大和田伸也「セットを組む予算がないのでロケばかり」/ガタガタ言わせろ!(2)

 僕が頻繁に京都へ通っていたのは「水戸黄門」を撮影していた時期だけど、今は新作の時代劇がほぼ見られなくなったのも、恩恵を受けた自分としては悲しい。ドラマの制作費削減で、最初にカットされたのが時代劇だそう。NHK以外の民放では、2011年にレギュラー枠が消失したとか。

 時代劇は現代劇と比べると、莫大な制作費がかかるからね。京都の太秦にある東映京都撮影所のセットの維持費はもちろん、技術職の方々がいないとドラマが成立しないから。髪を結う床山さんや着付け師、現場を仕切る演技部、誰一人欠けてもドラマは撮れない。

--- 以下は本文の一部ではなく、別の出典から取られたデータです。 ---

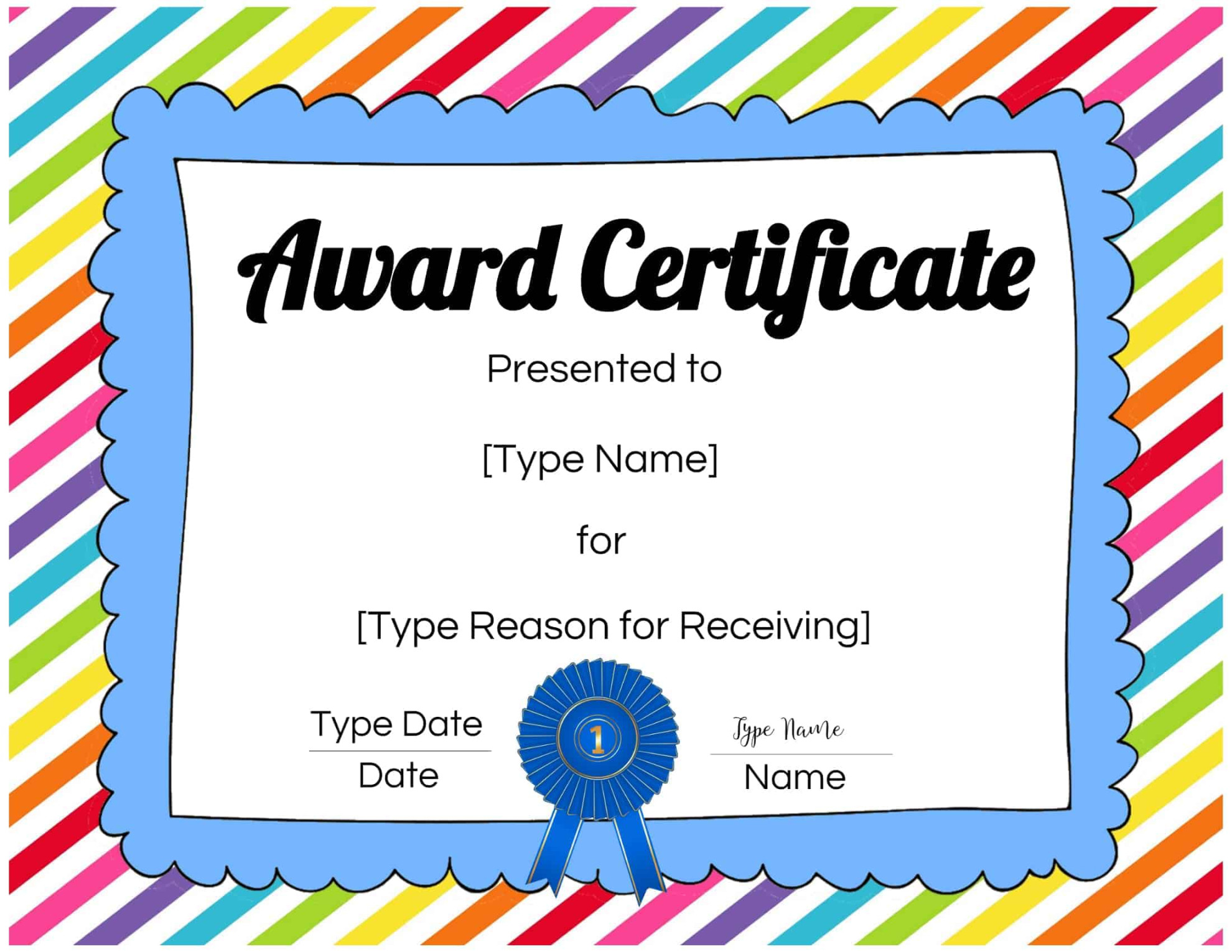 Free Certificates for Kids  Customize Online & Print at Home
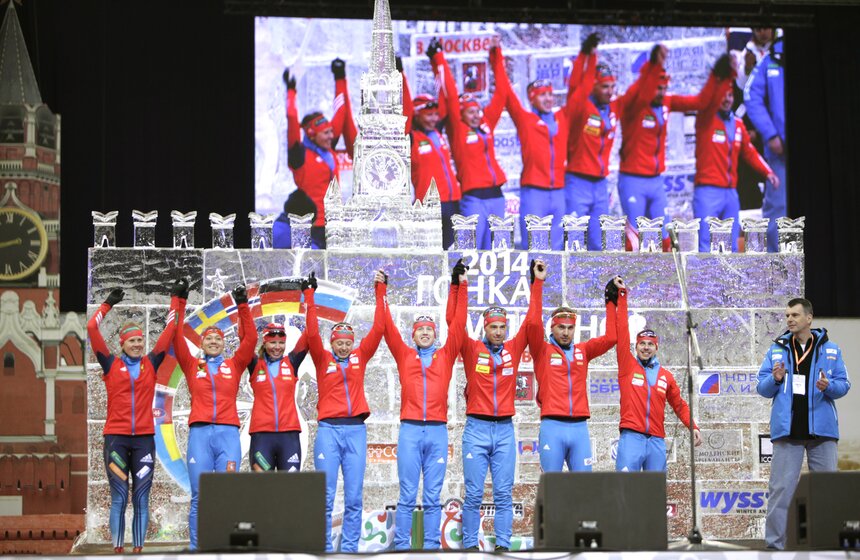 В "Олимпийском" прошла биатлонная "Гонка чемпионов" 29 фото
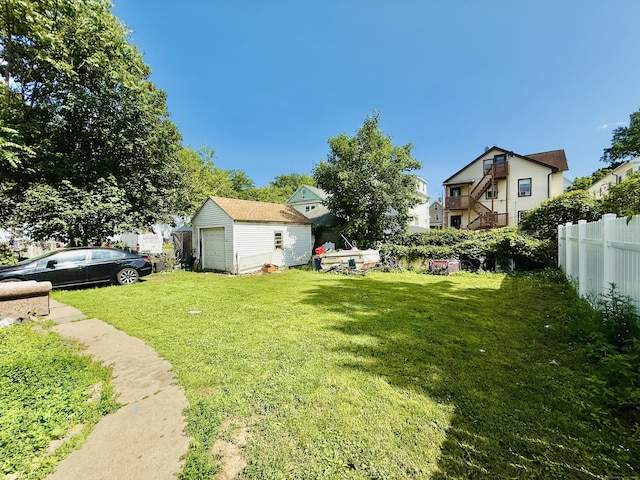 75 Frank St, Stamford, CT 06902 - view of yard with an outbuilding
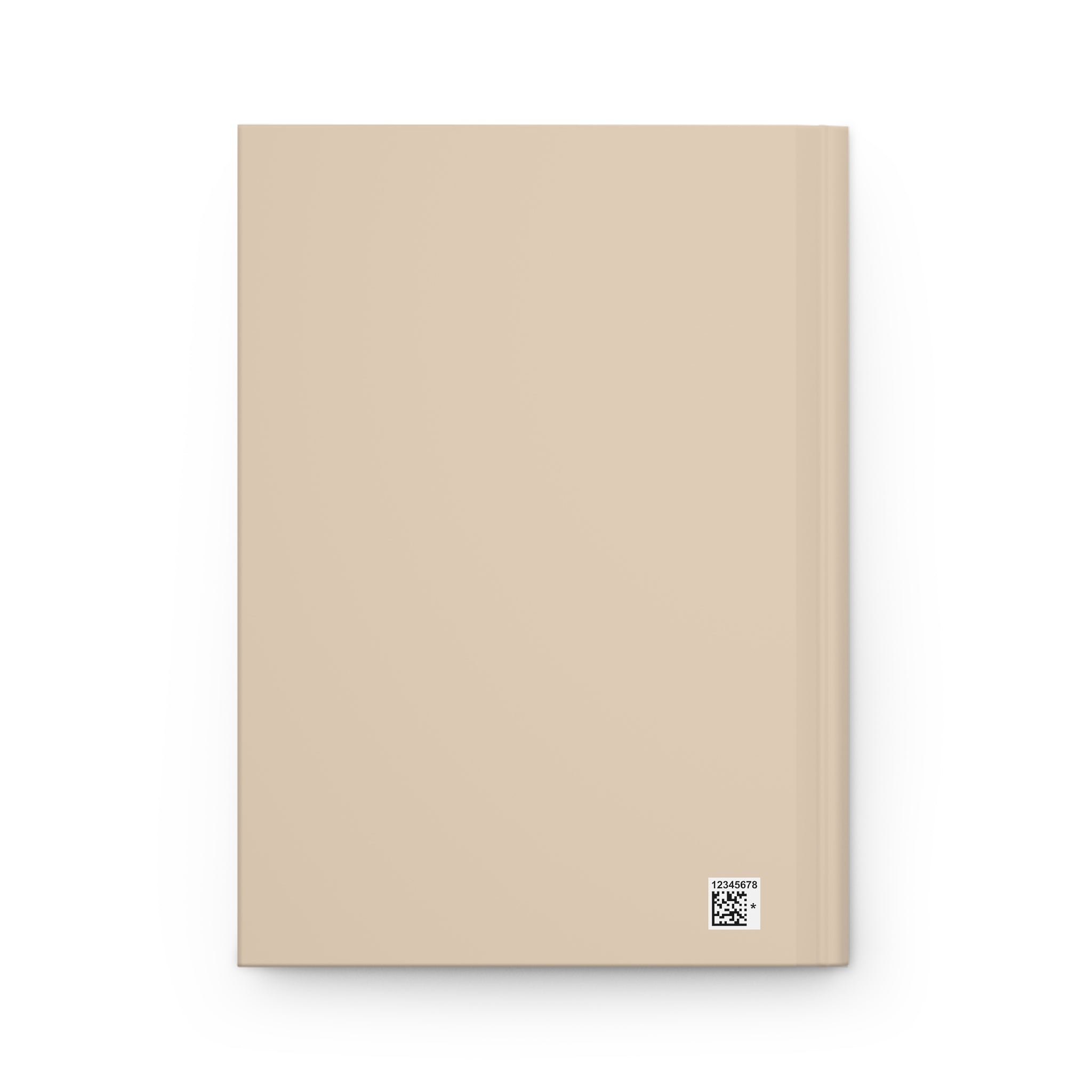 Personalized Neutral Aesthetic Journal, Custom Name Notebook, Minimalist Beige Floral Journal, Mindfulness Diary Gift for Women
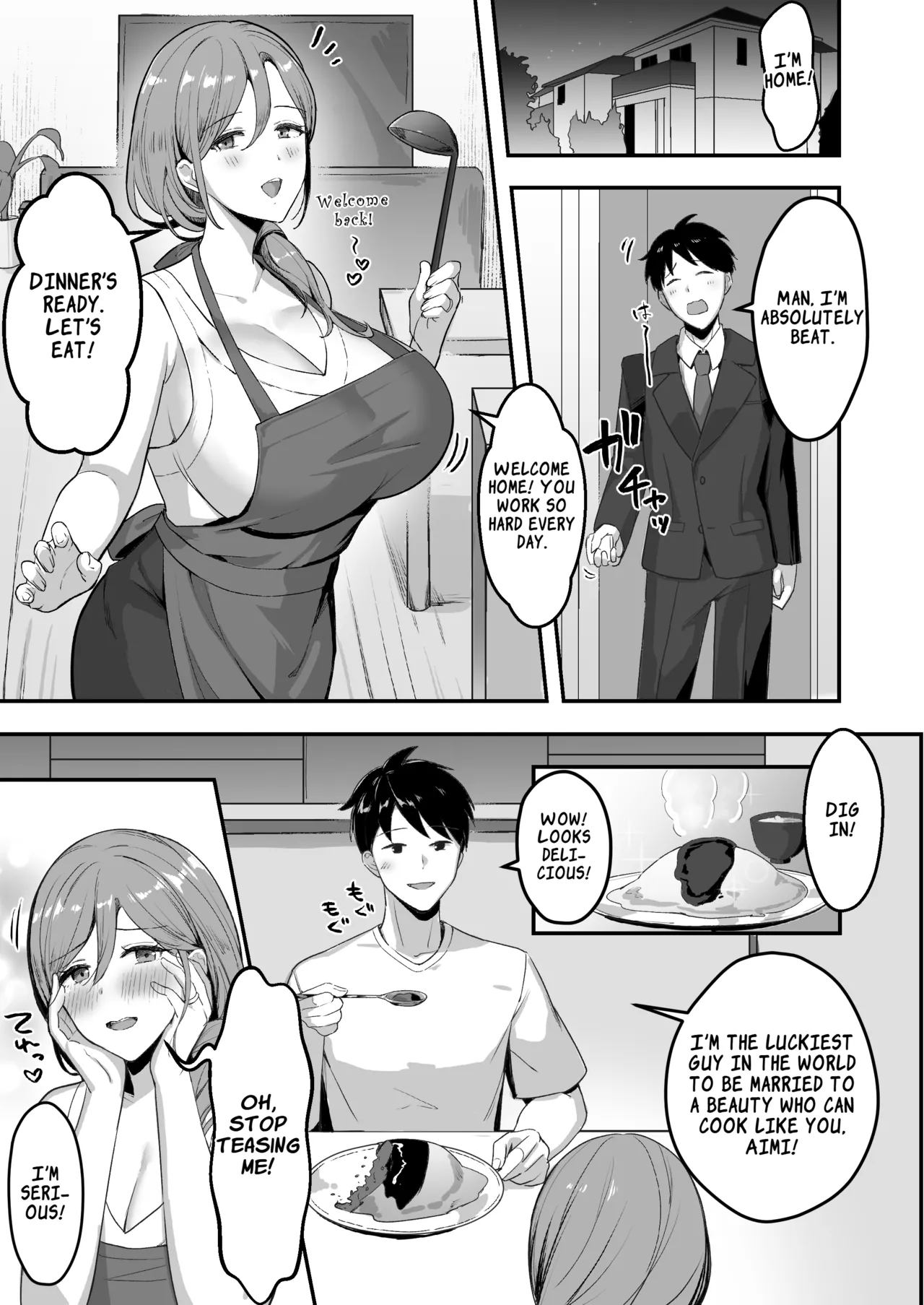 Hitozuma no Takuhaibin Otodokesaki no Dekachin de Watashi wa Mesu ni Narimashita | The Housewife Courier Who Became a Bitch for the Customer's Huge Cock page 2 full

 太秦の撮影所スタッフは、こだわりも強いから、東京から来た役者をよそ者扱いすることでも有名だった。スタッフがわざわざ、撮影前に言うんだよ。「東京では売れてるかもしれないけど、調子に乗るんじゃねえぞ」って。これが〝太秦の洗礼〟。ある女優さんは心がへし折られて、撮影中にホテルへ戻って、その後、東京へ逃げ帰っちゃった。

 僕は、松方さんに助けていただいた。ある番組で共演した時に京都へ行くと言ったら、「わかった。ちゃんとしておいてやるから大丈夫」と言ってくださって。初対面のスタッフから、「お兄ちゃんから(話は)聞いてるよ」と、皆さんが温かく迎えてくださった。亡くなった今も、松方さんには、足を向けて寝られないほど感謝してます。

 時代劇同様、近年は現代劇の制作予算も大幅にカットされている。昔はテレビ局のスタジオ内に全て、セットを組んでたんで、テレビ局を回れば撮影ができるから、終わるとみんなで食事に行って交流していた。

 だけど最近のテレビドラマは、セットを組む予算がないから、作品に見合うロケ地を探す。大抵が地方だから、朝5時に出発して2、3時間かけて現地で夜10時頃まで撮影して、とんぼ帰りが基本。都内に戻るのがてっぺんを超えることも珍しくないから、みんなで食事には行けないし、交流もできない。

 昔のように泊まりで地方ロケに行くと、大きな旅館を貸し切ってどんちゃん騒ぎしていたのが懐かしい。その交流方法が正解だとは断言しないけど、ゴージャスな時代と低予算時代の両方を経験した身から言わせてもらえば、世知辛い世の中になって切ないなぁ。

大和田伸也(おおわだ・しんや):俳優。1947年10月25日生まれ、福井県出身。21年、NHK朝ドラ「カムカムエヴリバディ」ではヒロイン・安子(上白石萌音)の祖父・橘杵太郎役を演じる。ドラマ内の台詞「美味しゅうなれ!」も話題に。